Cuando Milei ganó inesperadamente las PASO, sus militantes cantaron “que se vayan todos”. Amarga victoria de la antipolítica que cede la confianza a nuevos políticos. Más de veinte años después del 2001, el “que se vayan todos” es un reclamo por derecha. Quienes piensan adecuadamente con el poder solo recuerdan la miseria. Podrían votar a Massa y cantar: “que se queden todos”.
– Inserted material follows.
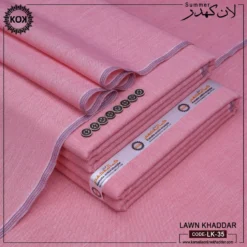 LAWN KHADDAR LK-35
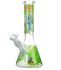 Бонг стеклянный 25см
La movilización social ha sido reprimida o asimilada e institucionalizada, en fin, democratizada. (…) Del 2001 algunos insisten en recordar las “políticas neoliberales”, la pobreza y la desesperación. Olvidan, ocultan o desfiguran la protesta masiva, la desobediencia colectiva, la autoorganización, los ataques al Estado y su policía, a la propiedad privada. (…) Esta primer ruptura puede ser una válvula de escape pero también puede sentar las bases para avanzar en la lucha revolucionaria. Ir más allá requiere algo más que reunirse y actuar juntos. Requiere superar lo que se ha creado, saberse capaces, ser conscientes de la propia fuerza. (La Oveja Negra nro. 44, 2001 - ¡Qué se vayan todos! - 2016)
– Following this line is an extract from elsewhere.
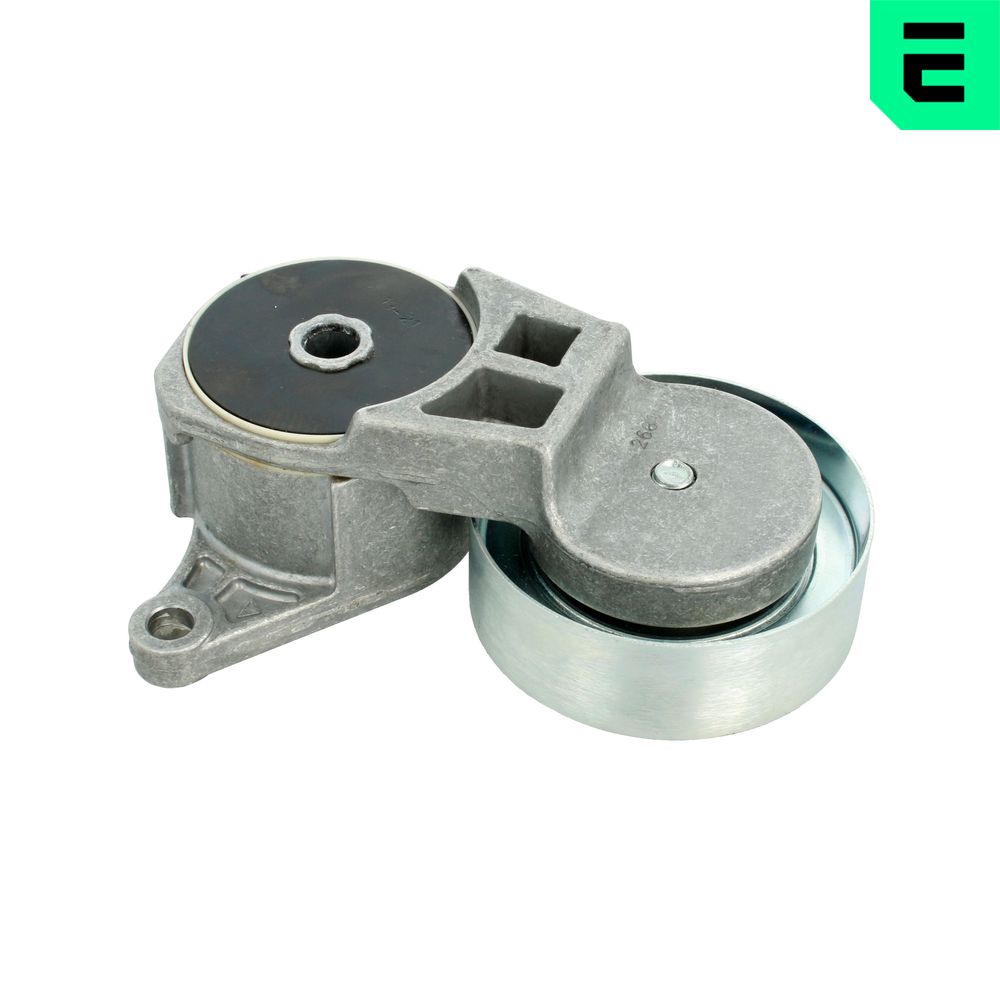 Натяжная планка, поликлиновой ремень - 0-N2105 OPTIMAL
Sin embargo, hoy el problema no es simplemente una crisis de representatividad. No es la “casta” como dicen desde la derecha ni la “clase política” como dicen por izquierda. No pueden ser el problema porque tales cosas no existen… a pesar de que ahora los opositores de Milei se ocupen de decir que en realidad es él la verdadera casta.
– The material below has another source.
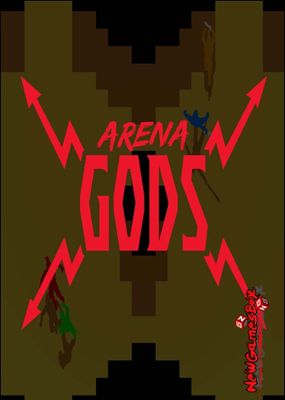 ARENA GODS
Se trata de una puja por instalar falsos antagonismos, un esfuerzo de la clase dominante, en competencia interna, por imponer una caracterización social funcional, ocultando a la vez la compleja trama del capitalismo y sus propias contradicciones. La “casta política” se ofrece como el objeto de repudio más inmediato, más simple de señalar y propio de una época en la que la política como herramienta burguesa de reproducción y transformación viene manifestando su impotencia frente a las crecientes problemáticas sociales.

La construcción de ese enemigo común frente a “las necesidades de los individuos” (por izquierda hablan de “pueblo”) es más que un eslogan de campaña. Es una construcción simple, de rápida identificación práctica, fácil de asimilar para la pereza intelectual y la bronca generalizada, como la raíz de todos los males. Con esto no estamos diciendo que la representación política no sea parte de la opresión capitalista, sino que esta puede asumir diversas formas y discursos, manteniendo intacto el fondo de la cuestión: una sociedad de explotación basada en la ganancia.